Ellen Gallagher was born in Providence, Rhode Island, in 1965, and lives and works in New York and Rotterdam, Holland. She attended Oberlin College and the School of the Museum of Fine Arts, Boston. Repetition and revision are central to Gallagher’s treatment of advertisements that she appropriates from popular magazines like “Ebony,” “Our World,” and “Sepia” and uses in works like “eXelento” (2004) and “DeLuxe” (2004-05). Initially, Gallagher was drawn to the wig advertisements because of their grid-like structure. Later she realized that it was the accompanying language that attracted her, and she began to bring these ‘narratives’ into her paintings—making them function through the characters of the advertisements as a kind of chart of lost worlds. Although the work has often been interpreted strictly as an examination of race, Gallagher also suggests a more formal reading with respect to materials, processes, and insistences. From afar, the work appears abstract and minimal. Upon closer inspection, googly eyes, reconfigured wigs, tongues, and lips of minstrel caricatures multiply in detail.



 http://binewin.blogspot.com/2012/02/mehr-wunder.html

Gallagher has been influenced by the sublime aesthetics of Agnes Martin’s paintings as well the subtle shifts and repetitions of Gertrude Stein’s writing. In her earlier works, Gallagher glued pages of penmanship paper onto stretched canvas and then drew and painted on it. In “Watery Ecstatic” (2002-04), she literally carved images into thick watercolor paper in her own version of scrimshaw, from which emerge images of the sea creatures from Drexciya, a mythical underwater Black Atlantis. Gallagher received the American Academy Award in Art and a Joan Mitchell Foundation Fellowship. Solo exhibitions include the Whitney Museum of American Art; Museum of Contemporary Art, North Miami; St. Louis Art Museum; Des Moines Art Center; Yerba Buena Center for the Arts, San Francisco; and ICA Boston. 
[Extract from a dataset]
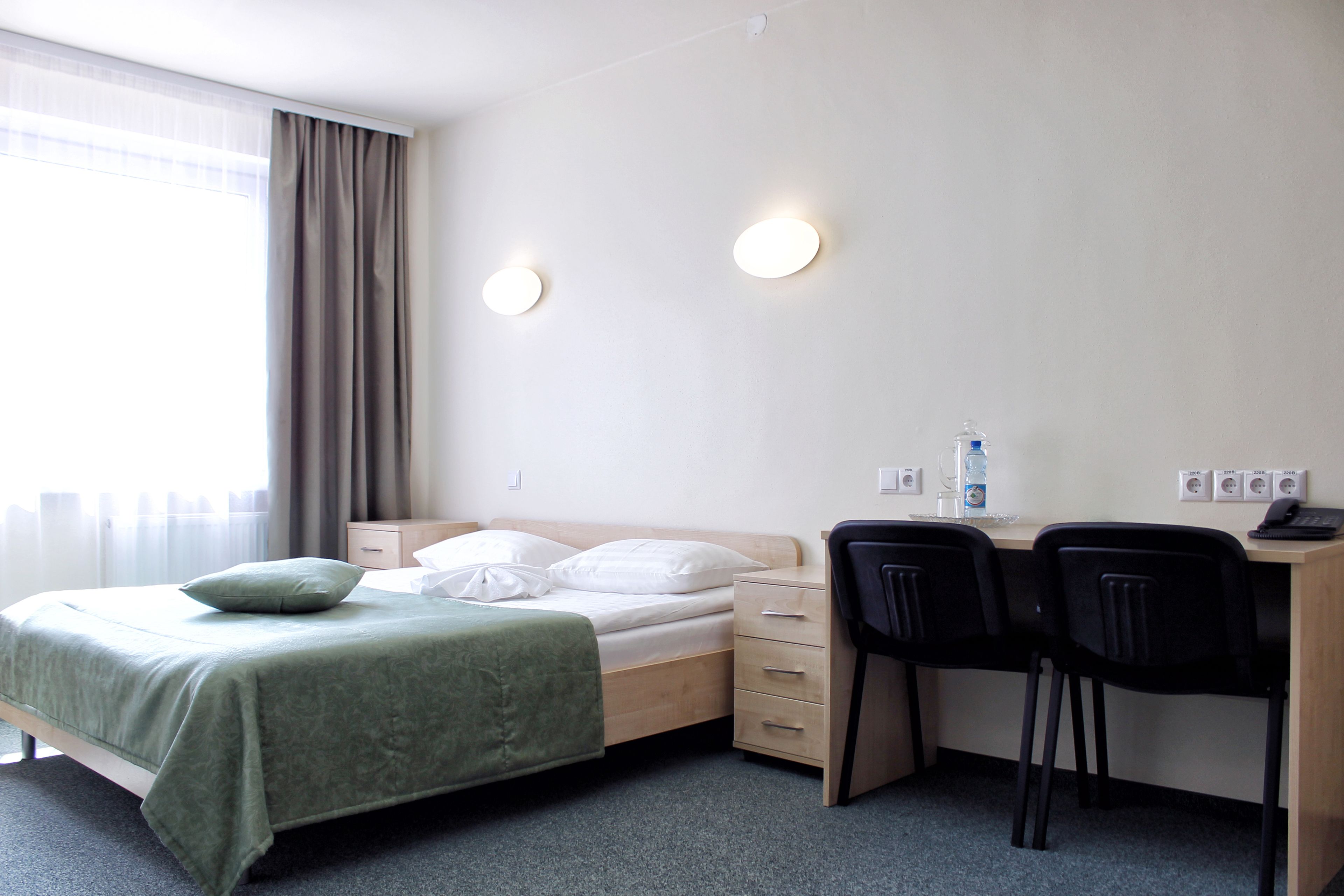 in-room safe, desk, soundproofing, iron/ironing board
https://www.pbs.org/art21/artists/gallagher/
  
This is a video in which Ellen Gallagher discusses her work and process. From 13:30 to 25:23. http://video.pbs.org/video/1239627128/

 http://www.tate.org.uk/art/artworks/gallagher-deluxe-t12301/image-291868

Ellen Gallagher's work is quirky and clever. Using only a few base images, she is able to create hundreds of unique works, and beautifully link them into one huge presentation of work. She uses very few elements, her coloring is similar in each piece, and the added elements are basic blocks and patterns of color. These simple changes poke fun at the original magazine images and adverts. 

Gallagher's work is great inspiration for my 2D course because she shows how one image can be reproduced a hundred different ways. She also provides great examples of linking multiple work together into one beautiful composition.